Anthony Winkler Prins (1870)

Gepubliceerd op 09-08-2018

Mandingo

betekenis & definitie

Mandingo, eigenlijk Wangarawa (in het enkelvoud Wangara) of Wakore. Deze talrijke Negerstam in het westen van Afrika, is afkomstig uit de bergstreek Manding, 150 geogr. mijl van de kust, aan de oostelijke bronnen van de Senegal en aan den bovenloop van de Niger gelegen. Die stam heeft zich zoowel door veroveringen als door vreedzame volksverhuizingen langs de Niger noordoostwaarts en langs de Senegal en de Gambia westwaarts, voorts langs de kust zuidwaarts verspreid , zoodat de Mandingo’s in Senegambië aan de Casamansa en Rio Grande en in Guinea van Pongg tot aan kaap Mesurado of langs de kusten van Siërra-Leone gevestigd zijn. Over dat geheele gebied is hunne taal de heerschende.

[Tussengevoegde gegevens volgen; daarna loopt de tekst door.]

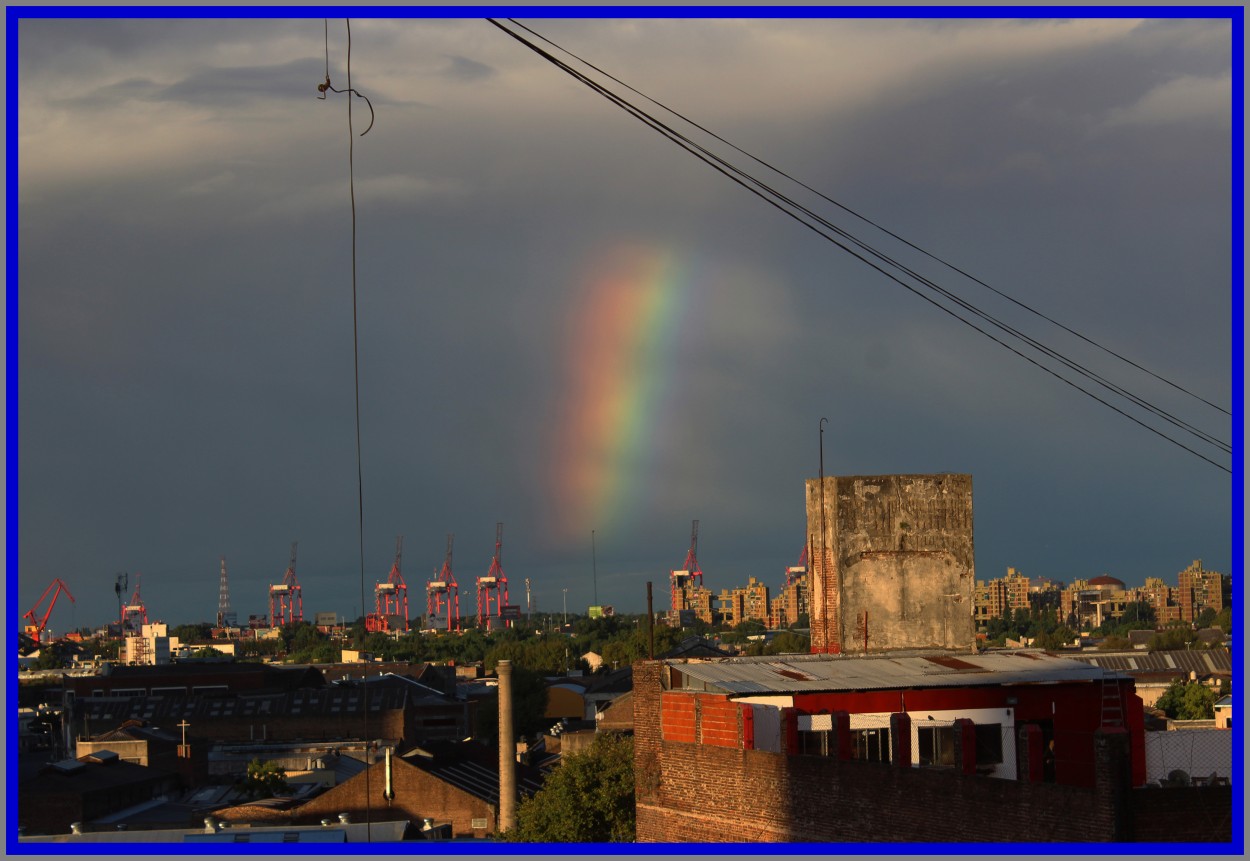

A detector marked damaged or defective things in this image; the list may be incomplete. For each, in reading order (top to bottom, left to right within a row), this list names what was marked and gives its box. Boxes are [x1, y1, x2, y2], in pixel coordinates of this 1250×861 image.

rusty metal roof [670, 649, 1120, 694]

Barth schat hun aantal op 6 tot 8 millioen. Hun gelaat is regelmatiger dan dat der gewone Negers; zij hebben een opregt en vriendelijk voorkomen en onderscheiden zich door welwillendheid en opgeruimdheid, terwijl zij tevens niet misdeeld zijn van ontwikkeling en schranderheid, vooral de Mohammedaansche bevolking, welke daarin de Heidensche ver overtreft. Zij zijn lang, rank en welgemaakt van ligchaamsbouw; hun haar is wollig, hunne lippen zijn dik, hun neus is plat, doch de kleur hunner huid is niet zoo zwart als bij de echte Negers. Men heeft hen om die reden de Hindoe’s van Afrika genoemd. De Mohammedanen onder hen zijn ijverige aanhangers van den Islam. Zij vormen het werkzaamste en beschaafdste gedeelte der bevolking van Senegambië en voegen bij zachte zeden gastvrijheid, achting voor de grijsheid, zindelijkheid, voldoende kennis van den landbouw en van sommige takken van nijverheid (weven, loopen, verwen, smelten van ijzer), en een ontwikkelden handelsgeest. Voorheen hadden zij het magtige koningrijk Melle gesticht, zoodat zij zich ook Mallinke noemen. Hunne belangrijkste landen en staten zijn, behalve Bambara in het oosten aan den middenloop van de Niger en Bamboek tusschen de Senegal en Falemé, de volgende: Manding met de volkrijke en versterkte stad Bangassi, — Kaarta (1100 geogr.mijl) met de hoofdplaats Nioro en de vlekken Brenta en Lewoeara, het noordelijk gedeelte van het Senegambische bergland, — El Hodh of het uitgestrekte gebied der Aser of Assoeaneks, door de Franschen Serracolets geheeten, — Dentila tusschen de Gambia en de Falemé, met de handelsplaats Dsjoelifoenda, wier inwoners, 2000 in aantal, grootendeels gemagtigden zijn voor de Europésche kantoren in Senegambië, — Woelli aan de Gambia, met de hoofdstad Cassana of Medina en Fattatenda, eene der oudste stapelplaatsen van den Européschen binnenhandel, — Yani aan den noordelijken oever van de Gambia met de thans opgehevene Engelsche factorij Pisania, waar Mungo Park zijne togten aanving, — en Barra ten noorden van den mond der Gambia de meest westelijke volkplanting der Mandingo’s met 200000 zeer nijvere inwoners en met de handelsplaats Jillifrey of Dsjillifré. — Ook in Guinea vormen de Mandingo’s eene hoofdgroep der bevolking; zij hebben een fraaijen ligchaamsbouw en hunne taal is een tongval van die hunner stamgenooten in Senegambië.